Exercise: Of all the entries below, retype only the lines from the one with "8.8mm碧玺手链 商品图2" through the one with "Primate Lodge Kibale", exactly as they appear.

Data provided:
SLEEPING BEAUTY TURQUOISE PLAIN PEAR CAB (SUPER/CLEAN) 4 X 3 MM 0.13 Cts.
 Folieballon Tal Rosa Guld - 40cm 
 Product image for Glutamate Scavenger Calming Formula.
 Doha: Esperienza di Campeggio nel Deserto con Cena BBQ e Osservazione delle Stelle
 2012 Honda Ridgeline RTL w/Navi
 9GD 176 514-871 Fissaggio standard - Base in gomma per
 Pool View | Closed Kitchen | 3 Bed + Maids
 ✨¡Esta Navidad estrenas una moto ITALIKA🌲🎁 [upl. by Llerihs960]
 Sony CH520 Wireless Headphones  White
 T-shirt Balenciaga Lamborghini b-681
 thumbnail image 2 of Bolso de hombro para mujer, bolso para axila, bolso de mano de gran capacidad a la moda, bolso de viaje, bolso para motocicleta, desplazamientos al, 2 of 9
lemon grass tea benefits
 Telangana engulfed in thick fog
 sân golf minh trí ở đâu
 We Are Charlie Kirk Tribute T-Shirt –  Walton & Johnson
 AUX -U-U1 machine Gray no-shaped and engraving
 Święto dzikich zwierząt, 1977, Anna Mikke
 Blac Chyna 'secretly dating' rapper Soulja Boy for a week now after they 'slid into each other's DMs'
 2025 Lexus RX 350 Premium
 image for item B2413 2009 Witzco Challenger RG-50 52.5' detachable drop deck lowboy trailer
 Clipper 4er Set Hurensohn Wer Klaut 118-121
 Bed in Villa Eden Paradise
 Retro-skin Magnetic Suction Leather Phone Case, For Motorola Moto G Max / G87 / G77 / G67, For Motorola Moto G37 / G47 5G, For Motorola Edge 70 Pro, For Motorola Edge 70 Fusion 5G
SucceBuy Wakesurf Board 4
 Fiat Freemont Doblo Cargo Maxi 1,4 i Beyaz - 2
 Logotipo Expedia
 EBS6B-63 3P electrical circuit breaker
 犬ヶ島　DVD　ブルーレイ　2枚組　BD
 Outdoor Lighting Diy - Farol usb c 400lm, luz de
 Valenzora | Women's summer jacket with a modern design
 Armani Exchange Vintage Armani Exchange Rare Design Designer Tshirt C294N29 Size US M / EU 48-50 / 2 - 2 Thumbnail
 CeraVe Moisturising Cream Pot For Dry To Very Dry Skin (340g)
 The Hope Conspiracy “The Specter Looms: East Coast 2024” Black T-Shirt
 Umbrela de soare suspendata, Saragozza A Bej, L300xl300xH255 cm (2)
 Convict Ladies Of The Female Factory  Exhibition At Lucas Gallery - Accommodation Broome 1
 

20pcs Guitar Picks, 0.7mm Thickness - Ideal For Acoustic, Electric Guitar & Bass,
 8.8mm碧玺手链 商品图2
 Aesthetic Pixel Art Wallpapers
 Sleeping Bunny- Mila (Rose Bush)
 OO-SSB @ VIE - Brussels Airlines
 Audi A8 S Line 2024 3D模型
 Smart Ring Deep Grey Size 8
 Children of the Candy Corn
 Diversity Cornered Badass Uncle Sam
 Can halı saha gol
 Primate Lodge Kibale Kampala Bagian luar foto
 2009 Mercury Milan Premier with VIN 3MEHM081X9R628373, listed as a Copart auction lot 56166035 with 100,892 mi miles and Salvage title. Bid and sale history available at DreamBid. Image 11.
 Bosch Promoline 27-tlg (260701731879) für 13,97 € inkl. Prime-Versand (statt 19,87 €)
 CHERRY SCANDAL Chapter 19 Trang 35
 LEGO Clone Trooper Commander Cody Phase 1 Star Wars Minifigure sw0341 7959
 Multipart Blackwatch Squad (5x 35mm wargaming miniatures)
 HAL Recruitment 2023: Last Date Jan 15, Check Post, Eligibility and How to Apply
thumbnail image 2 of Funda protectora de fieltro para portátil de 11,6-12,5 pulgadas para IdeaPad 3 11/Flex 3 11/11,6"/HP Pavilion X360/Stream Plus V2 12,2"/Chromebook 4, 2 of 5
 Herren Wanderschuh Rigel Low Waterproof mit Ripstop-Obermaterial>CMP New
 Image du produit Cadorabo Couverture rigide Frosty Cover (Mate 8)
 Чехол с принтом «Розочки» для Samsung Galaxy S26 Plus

Written answer:
 8.8mm碧玺手链 商品图2
 Aesthetic Pixel Art Wallpapers
 Sleeping Bunny- Mila (Rose Bush)
 OO-SSB @ VIE - Brussels Airlines
 Audi A8 S Line 2024 3D模型
 Smart Ring Deep Grey Size 8
 Children of the Candy Corn
 Diversity Cornered Badass Uncle Sam
 Can halı saha gol
 Primate Lodge Kibale Kampala Bagian luar foto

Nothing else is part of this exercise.